### Work instructions
Output the listing exactly as written, apart from its pictures.

### Data block

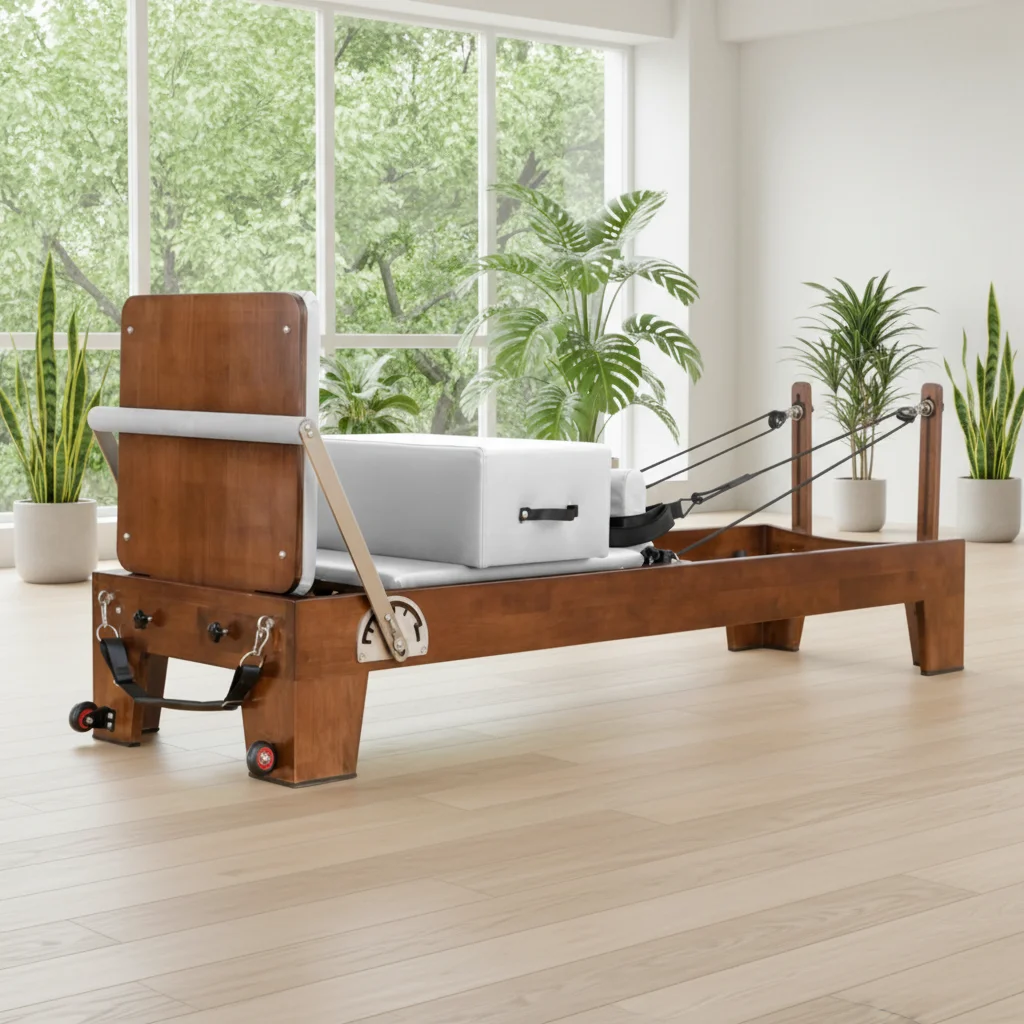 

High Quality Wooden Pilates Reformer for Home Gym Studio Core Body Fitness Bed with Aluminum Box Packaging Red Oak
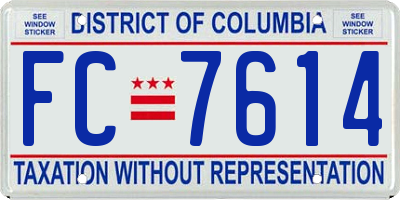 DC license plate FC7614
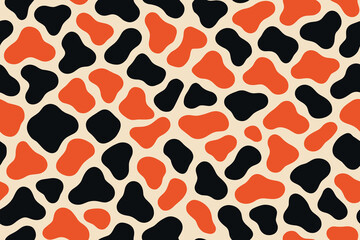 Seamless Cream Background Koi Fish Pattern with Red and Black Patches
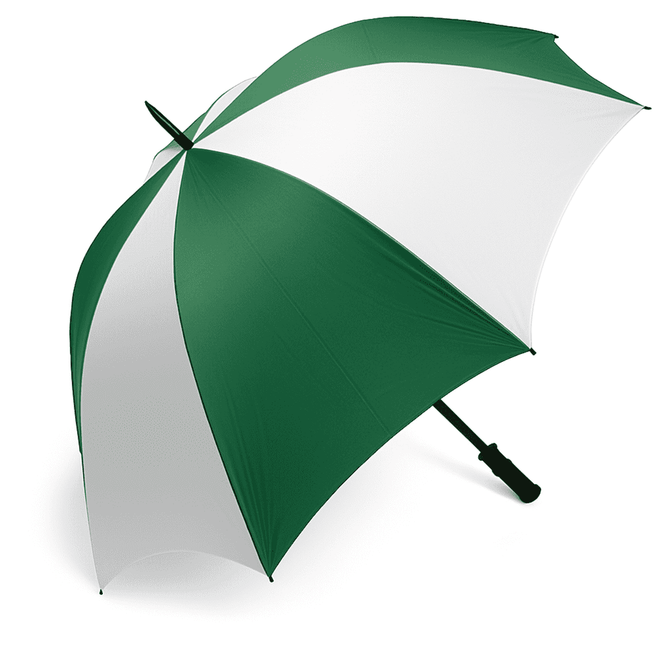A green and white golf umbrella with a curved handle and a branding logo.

### Solved problem
High Quality Wooden Pilates Reformer for Home Gym Studio Core Body Fitness Bed with Aluminum Box Packaging Red Oak
 DC license plate FC7614
 Seamless Cream Background Koi Fish Pattern with Red and Black Patches
A green and white golf umbrella with a curved handle and a branding logo.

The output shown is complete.